> Exercise data:
━━━━━━━━━━━━━━━━━━━━

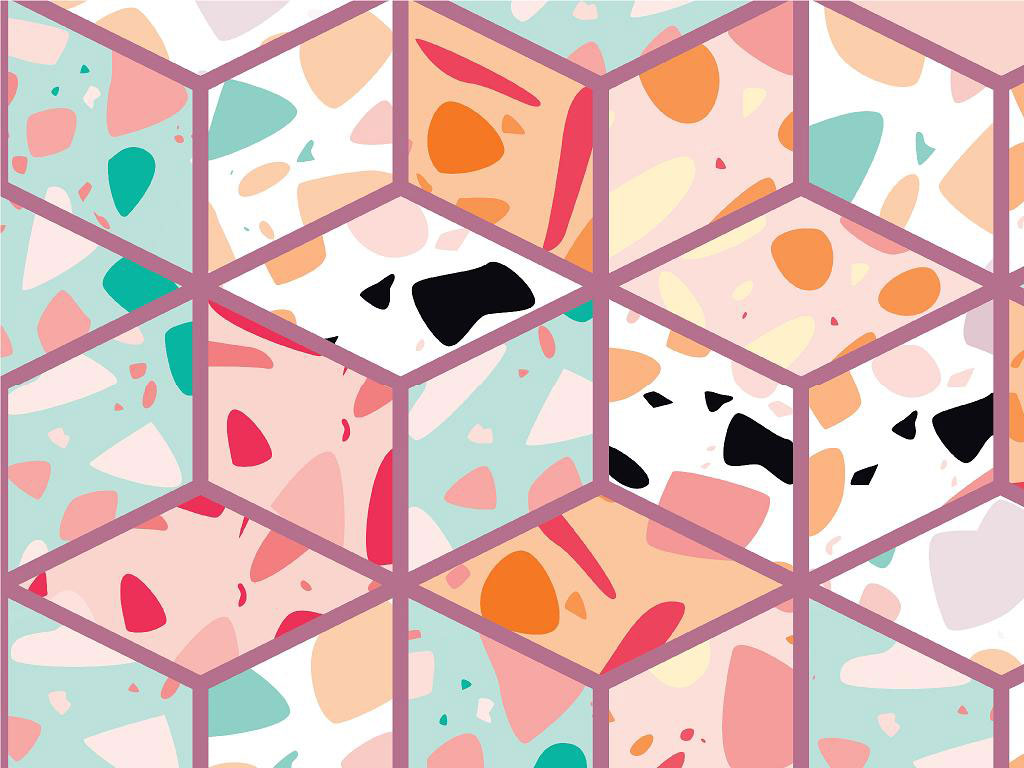 Pink Cube Tile Vinyl Wrap Pattern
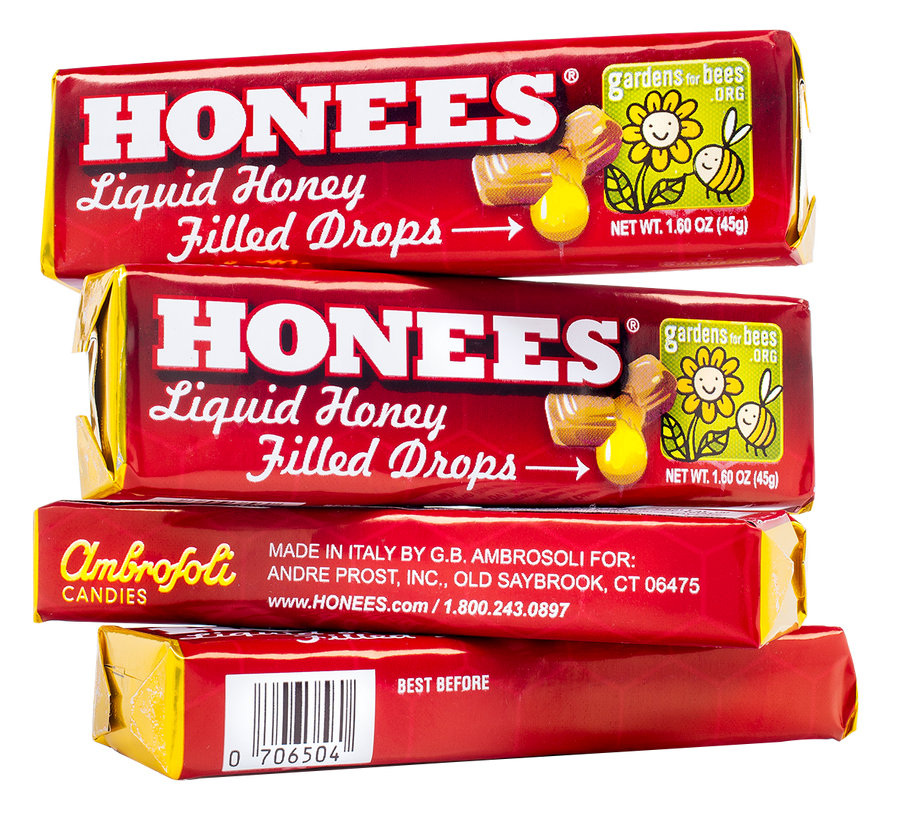 HONEES Honey Filled Drops, Menthol Free, 1.6oz bars (4-pack)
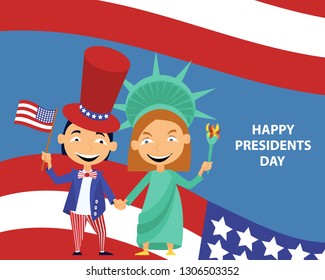 Greeting card with image of children and American flag.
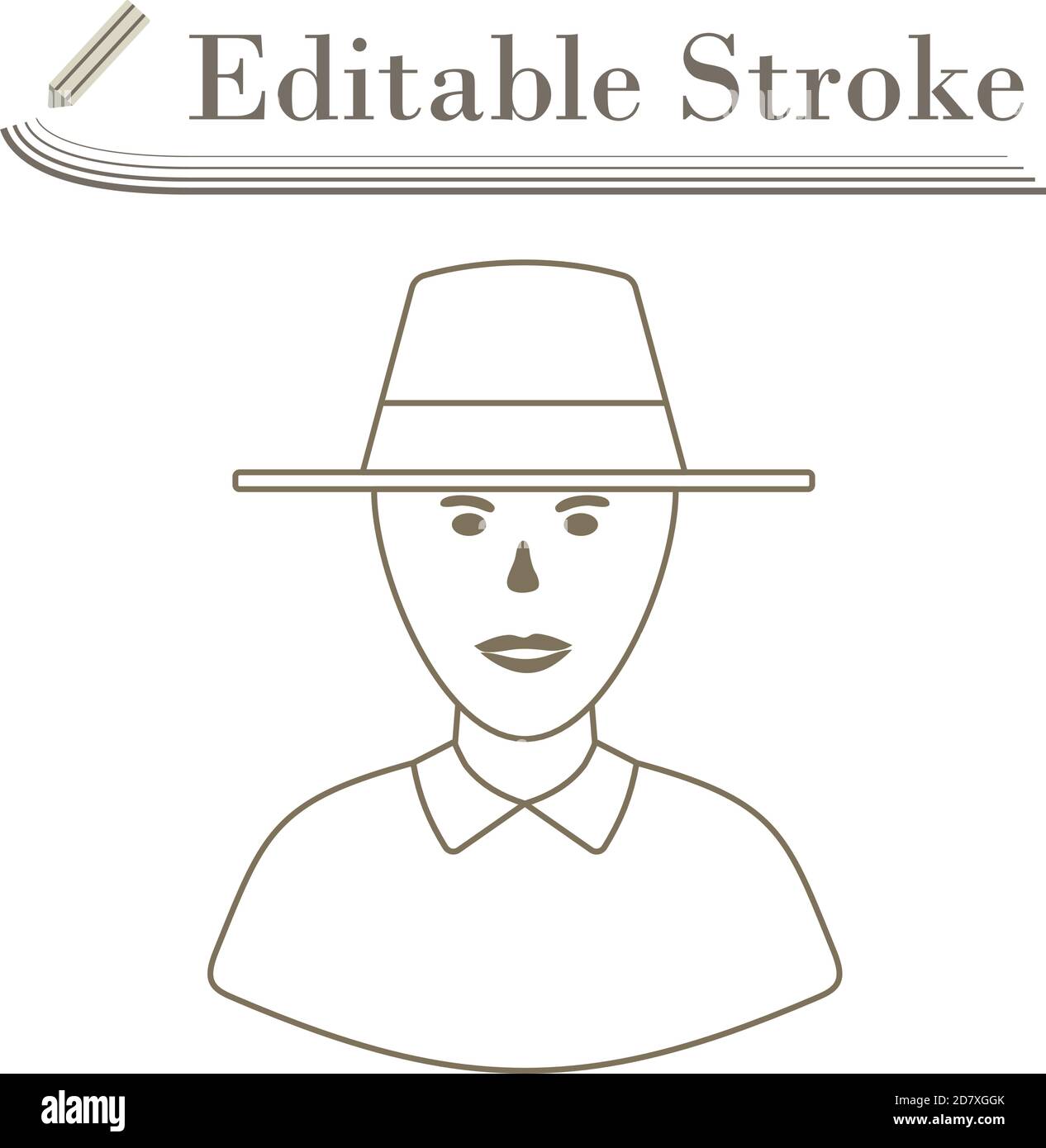 Cricket Umpire Icon. Editable Stroke Simple Design. Vector Illustration. Stock Vector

━━━━━━━━━━━━━━━━━━━━

> Exercise requirements:
The answer must be an exact copy of the lines from the one that holds "HONEES Honey Filled" through the end of the data, both included, with no pictures.

> Answer space:
 HONEES Honey Filled Drops, Menthol Free, 1.6oz bars (4-pack)
 Greeting card with image of children and American flag.
 Cricket Umpire Icon. Editable Stroke Simple Design. Vector Illustration. Stock Vector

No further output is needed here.